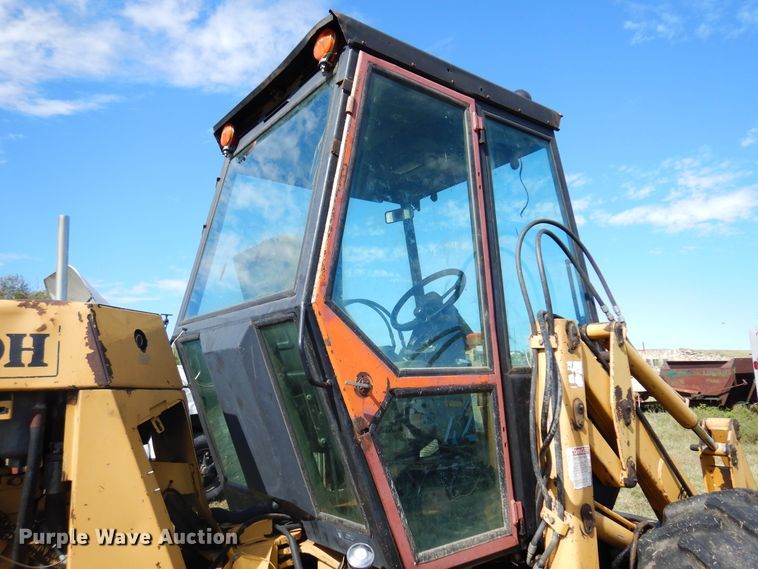 image for item DM5182 Versatile 9030  4WD bi-directional tractor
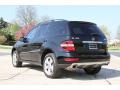 Black - ML 350 4Matic Photo No. 3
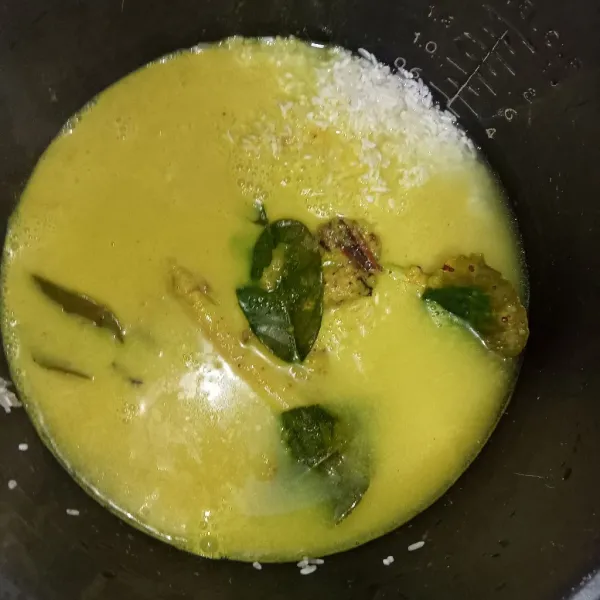 Saring bumbu kedalam beras dan ambil serai,daun jeruk, cengkeh dan kayu manis aduk rata, nyalakan Magicom mode cook.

Problem details:
Because the copy must hold no pictures, return only the lines that run from the line containing "Black - ML 350 4Matic Photo No. 3" to the end of the data above, each exactly as it stands.

Response box:
 Black - ML 350 4Matic Photo No. 3
 Saring bumbu kedalam beras dan ambil serai,daun jeruk, cengkeh dan kayu manis aduk rata, nyalakan Magicom mode cook.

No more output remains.